Perhaps they have RLS type policies that are only modifiable on the server.

3. tracker1 ◴[31 Mar 25 16:02 UTC] No.43536534[source]▶

>>43536188 (TP) #

I'm pretty sure you'll have to write parts of your app against your own APIs that represent the owner of the db for a group.

With Turso, you would want a model that had, for example a db per user and one per group. With the turso model you want to think something closer to sharding by hand for secure write user or group.

I could be wrong on this though. That's just my rough understanding.

4. thisislife2 ◴[31 Mar 25 16:05 UTC] No.43536576[source]▶

>>43536188 (TP) #

I'd have thought that in this day and age every developer would know by now the importance of sanitizing user input before a web application accepts it? Your doubt has given me some pause ...
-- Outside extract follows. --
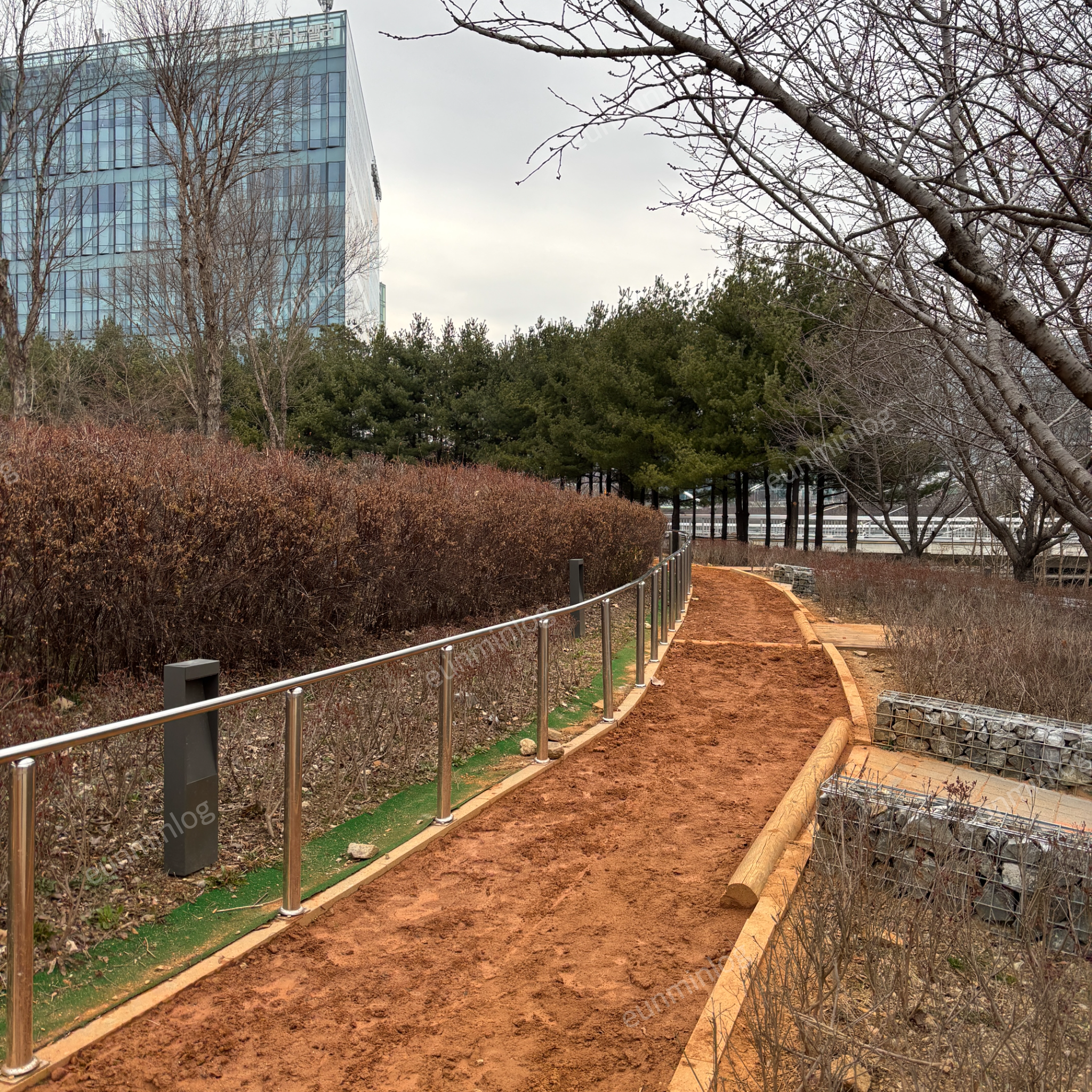 盘桥 盘桥科技公园 喜鹊特写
replies(2): >>43536776 #>>43538162 #

5. wahnfrieden ◴[31 Mar 25 16:22 UTC] No.43536776[source]▶

>>43536576 #

No need to give a rude, condescending and unhelpful answer - there will always be people learning

replies(1): >>43553116 #

6. krashidov ◴[31 Mar 25 16:40 UTC] No.43536993[source]▶

>>43536188 (TP) #

This is my problem with these local first libraries. What happens if there's some data that needs to live in a db that's separate from the replicated sqlite db?

What I would really love is a sync engine library that is agnostic of your database.

Haven't really seen one yet.

replies(1): >>43537249 #

7. vekker ◴[31 Mar 25 17:05 UTC] No.43537249[source]▶

>>43536993 #

Exactly. So many local first libs don't cover this that it makes me wonder if the applications I am typically working on are so fundamentally different from what the local-first devs are normally building?

Most apps have user data that needs to be (partially or fully) shielded from other users. Yet, most local-first libs neglect to explain how to implement this with their libraries, or sometimes it's an obscure page or footnote somewhere in their docs, as if this is just an afterthought...

replies(1): >>43539403 #

8. franciscop ◴[31 Mar 25 17:11 UTC] No.43537308[source]▶

>>43536188 (TP) #

The blog post doesn't even touch on write conflicts, which is the main reason I opened it (I was curious on how they solved them), so not surprised there's no many details about security etc.

9. refulgentis ◴[31 Mar 25 17:12 UTC] No.43537313[source]▶

>>43536188 (TP) #

You raise an interesting point, that along with the replies, compels me to note that all of this stuff is bespoke, and things that sound simple like "I just want a good syncing library" are intractable in practice.

Ex. if I'm doing a document-based app, users can have at it, corrupt their own data all they want.

I honestly cannot wrap my mind around discussions re: SQLite x web dev, perhaps because I've been in mobile dev: but I don't even know what it'd mean to have an "offline-first forum" that syncs state: it's a global object with shared state rendered on the client.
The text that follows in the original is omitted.